Black America Speaks Out on American Bar Association Dropping LSAT Exam Requirement

Black America Speaks Out on American Bar Association Dropping LSAT Exam Requirement


Student taking a test (Pexels, Andy Barbour)

The American Bar Association panel has voted to drop the LSAT, or Law School Admission Test, standardized test requirement.

The LSAT tests analytical reasoning, logic, and reading comprehension, and has been a predictor of success in law school. It is administered by the Law School Admission Council (LSAC) for prospective law school candidates. The test has been, until now, an integral part of the law school admission process in the United States and a growing number of other countries.

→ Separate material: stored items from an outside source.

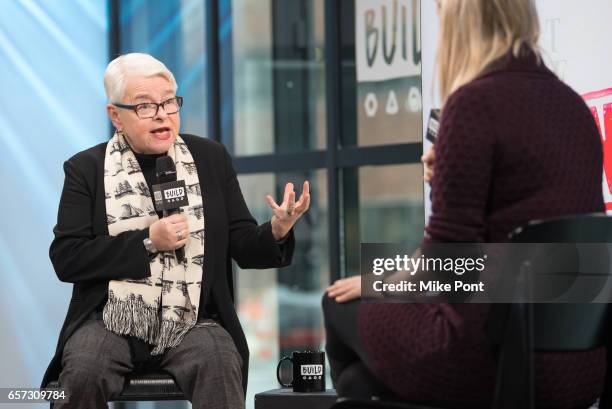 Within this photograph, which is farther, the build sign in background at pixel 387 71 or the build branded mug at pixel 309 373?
the build sign in background at pixel 387 71

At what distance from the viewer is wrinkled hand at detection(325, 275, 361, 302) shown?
1.96 m

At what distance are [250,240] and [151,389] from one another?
0.53 meters

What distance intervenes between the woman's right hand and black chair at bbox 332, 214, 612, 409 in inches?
41.6

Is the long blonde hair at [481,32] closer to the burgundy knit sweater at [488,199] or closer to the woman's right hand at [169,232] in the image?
the burgundy knit sweater at [488,199]

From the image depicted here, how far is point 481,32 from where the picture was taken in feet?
6.23

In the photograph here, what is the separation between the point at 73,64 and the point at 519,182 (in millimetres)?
4321

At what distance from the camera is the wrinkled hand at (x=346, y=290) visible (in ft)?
6.45

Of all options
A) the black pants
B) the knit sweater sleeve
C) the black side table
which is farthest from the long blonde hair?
the black side table

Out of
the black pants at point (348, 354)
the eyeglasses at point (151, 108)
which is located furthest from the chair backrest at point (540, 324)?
the eyeglasses at point (151, 108)

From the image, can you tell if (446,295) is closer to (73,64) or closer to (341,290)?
(341,290)

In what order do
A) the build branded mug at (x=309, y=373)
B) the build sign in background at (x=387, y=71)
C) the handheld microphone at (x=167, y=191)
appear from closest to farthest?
the handheld microphone at (x=167, y=191) → the build branded mug at (x=309, y=373) → the build sign in background at (x=387, y=71)

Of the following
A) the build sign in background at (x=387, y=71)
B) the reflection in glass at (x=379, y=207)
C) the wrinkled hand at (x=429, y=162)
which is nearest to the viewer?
the wrinkled hand at (x=429, y=162)

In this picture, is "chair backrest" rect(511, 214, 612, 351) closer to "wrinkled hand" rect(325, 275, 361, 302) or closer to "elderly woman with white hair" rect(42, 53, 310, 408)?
"wrinkled hand" rect(325, 275, 361, 302)

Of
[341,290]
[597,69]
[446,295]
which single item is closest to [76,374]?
[341,290] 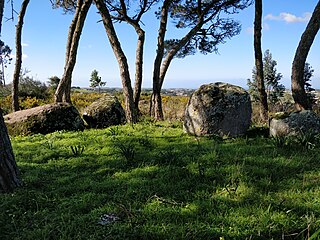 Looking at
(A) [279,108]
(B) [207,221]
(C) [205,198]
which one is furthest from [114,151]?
(A) [279,108]

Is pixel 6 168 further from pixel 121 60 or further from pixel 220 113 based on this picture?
pixel 121 60

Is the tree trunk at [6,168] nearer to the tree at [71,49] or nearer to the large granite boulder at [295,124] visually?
the large granite boulder at [295,124]

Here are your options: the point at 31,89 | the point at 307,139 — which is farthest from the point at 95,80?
the point at 307,139

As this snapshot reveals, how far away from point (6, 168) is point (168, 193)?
2.00 meters

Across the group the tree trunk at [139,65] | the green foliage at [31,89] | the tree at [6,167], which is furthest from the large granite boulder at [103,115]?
the green foliage at [31,89]

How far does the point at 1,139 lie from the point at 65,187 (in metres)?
0.96

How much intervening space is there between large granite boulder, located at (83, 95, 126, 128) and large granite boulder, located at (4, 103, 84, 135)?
436mm

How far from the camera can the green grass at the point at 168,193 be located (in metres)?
2.85

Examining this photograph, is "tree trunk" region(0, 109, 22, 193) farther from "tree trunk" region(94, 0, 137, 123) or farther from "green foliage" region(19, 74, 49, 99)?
"green foliage" region(19, 74, 49, 99)

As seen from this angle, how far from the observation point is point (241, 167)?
438 centimetres

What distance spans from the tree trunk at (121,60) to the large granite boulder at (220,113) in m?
2.48

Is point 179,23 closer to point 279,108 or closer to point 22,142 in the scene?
point 279,108

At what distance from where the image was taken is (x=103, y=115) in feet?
30.3

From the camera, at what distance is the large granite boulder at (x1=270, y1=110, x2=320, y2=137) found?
20.3 feet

The test had existed in some form since 1948, when it was created; the current form of the exam has been used since 1991.

While the test was issued years before segregation became illegal in 1954, th4 test became a tool, say critics, to block Black students from getting into law school Standardized tests like the LSATs have been proved by study after study to be culturally biased, and then the costs associated with studying for the LSAT was prohibitive. The test itself has a registration cost of $215, but candidates spend thousands of dollars to prepare by taking courses and getting private tutoring.

The historic Supreme Court case Brown v. Board of Education of Topeka in 1954 led to the end of state-sponsored segregation.

Affirmative action programs “were taking root at American law schools, other demographic trends were transforming the structure of opportunity to attend law schools,” reported the the Race, Racism and the Law website edited by Vernellia Randall, professor emerita at the University of Dayton School of Law. And more and more schools began requiring the LSATs, resulting in few minorities and women getting in.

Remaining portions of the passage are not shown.